Gerade überfliegen sie eine Region mit dem Namen "Lippe", unter ihnen ist in der Dunkelheit das fahle Band einer Straße zu erkennen, die eine Spur heller als ihre Umgebung ist. Plötzlich sehen sie ein Objekt auf der Straße. Mitchell drückt die Maschine tiefer, um besser sehen zu können. Kein Zweifel: Dort unten ist ein feindliches Fahrzeug.

Die Mosquito geht zum Angriff über, Mitchell nimmt das Fahrzeug ins Visier, drückt auf die Auslöseknöpfe der Bordwaffen am Steuerknüppel. Dumpf dringen die Abschussgeräusche in die Kanzel, die Maschinenwaffen im Bug des Flugzeuges lassen den Rumpf leicht vibrieren. Plötzlich spürt er Einschläge in der Maschine, Glas-, Metall- und Holzsplitter verteilen sich im Cockpit, Mitchell spürt wie er getroffen wird. Ihm drohen die Sinne zu schwinden, mit letzter Kraft versucht er das Flugzeug aus dem offensichtlich feindlichen Beschuss zu drehen. Da bemerkt er, wie die Maschine etwas berührt – dann nichts mehr.

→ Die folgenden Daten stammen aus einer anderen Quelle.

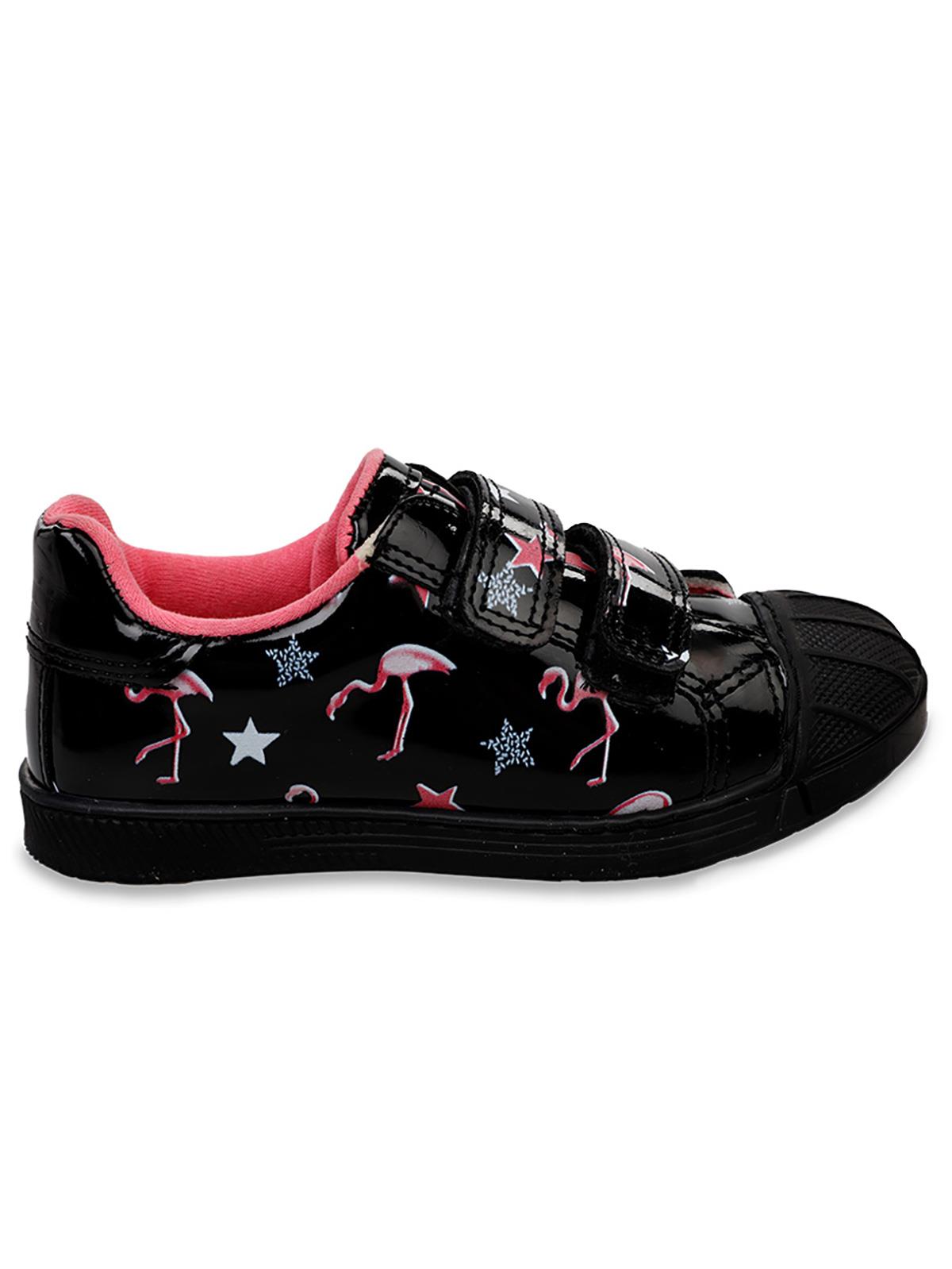 Harli Kız Çocuk Spor Ayakkabı 26-30 Numara  Siyah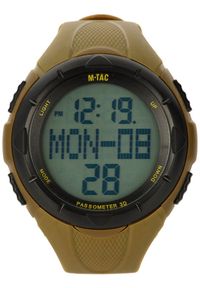 Zegarek sportowy M-Tac M-Tac Zegarek Taktyczny Z Krokomierzem Coyote. Styl: sportowy #1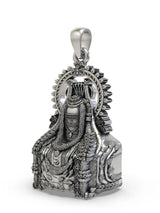 Arunachalesvara Lord Shiva Sterling Silver Pendant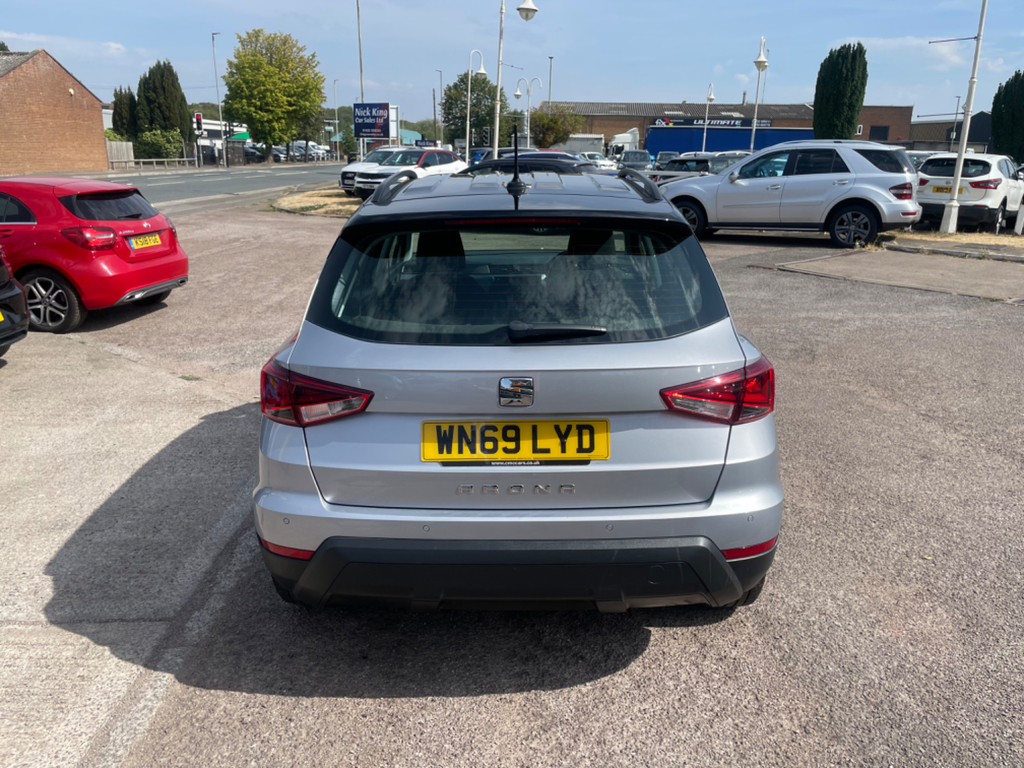 Seat Arona Tsi Se Technology #4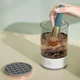Прилад для автоматичного очищення пензлів для макіяжу Make Brush Cleaner (VS7006891) - изображение 3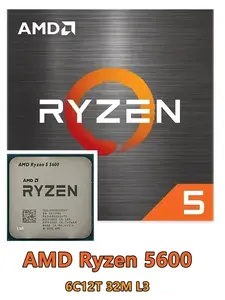 Процессор AMD Ryzen5 5600 OEM (без кулера)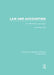 Law and Accounting (Rle Accounting): Pre-1889 British Legal Cases by Jean Reid
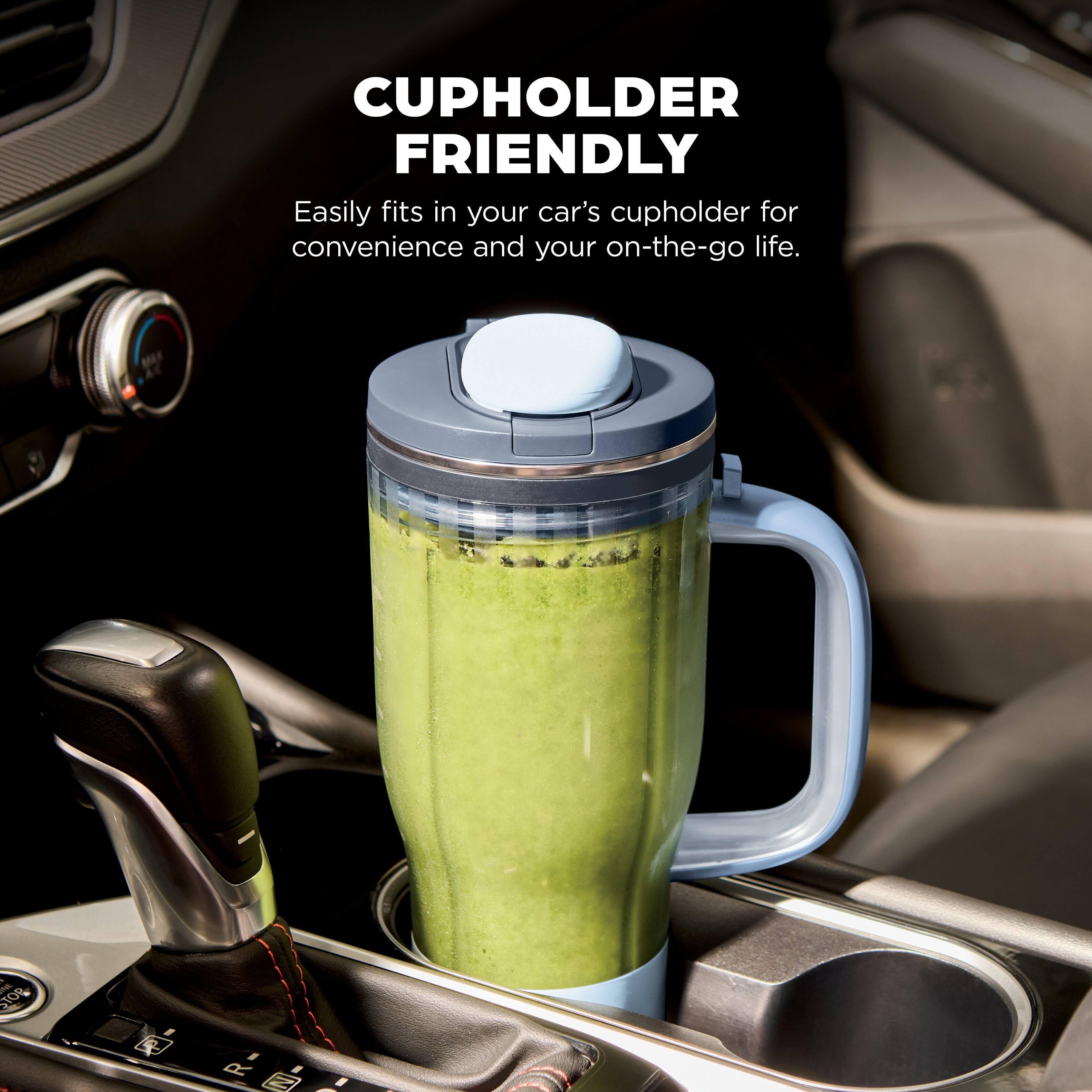 CUPHOLDER FRIENDLY  
Easily fits in your car's cupholder for convenience and your on-the-go life.
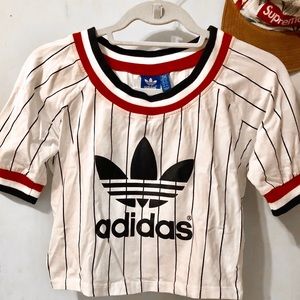 adidas Tops - Adidas baseball crop top adidas Tops - Adidas baseball crop top
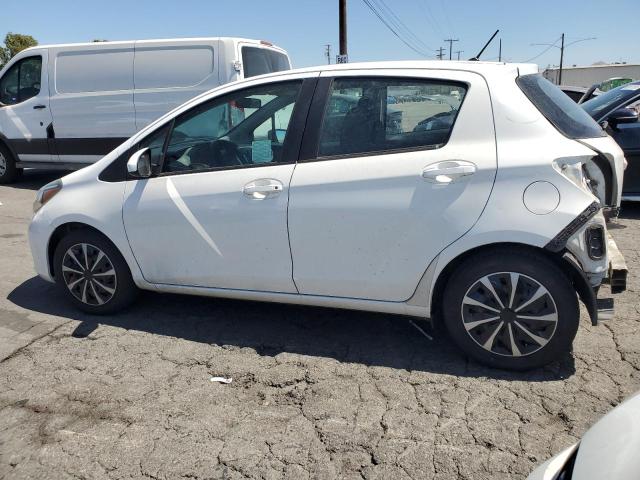  TOYOTA YARIS 2015 Biały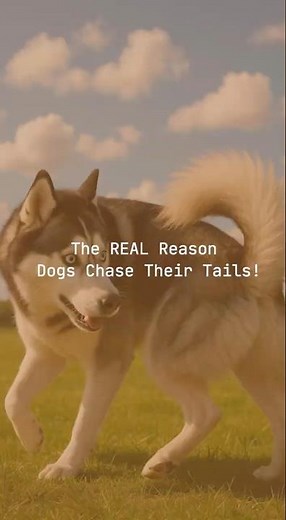 The REAL Reason Dogs Chase Their Tails!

So könnte es gewesen sein, als die britische Mosquito am 18. März zwischen Horn und Kohlstädt abstürzte. Was genau geschehen ist, wird sich wohl nie ganz aufklären lassen. Erwiesen ist nur, dass die Maschine ein Fahrzeug der Wehrmacht angriff und kurz darauf abstürzte.

Zwei Vermutungen

Der Finder der Maschine, ein Hobbyhistoriker aus Detmold, hat jedoch zwei Vermutungen. "Möglich ist, dass der Pilot zu einem zweiten Angriff beidrehen wollte und sich dabei im Dunklen in der Höhe verrechnete", erzählt er. Dagegen würden jedoch mehrere Fundstücke sprechen, die er am Absturzort bergen konnte.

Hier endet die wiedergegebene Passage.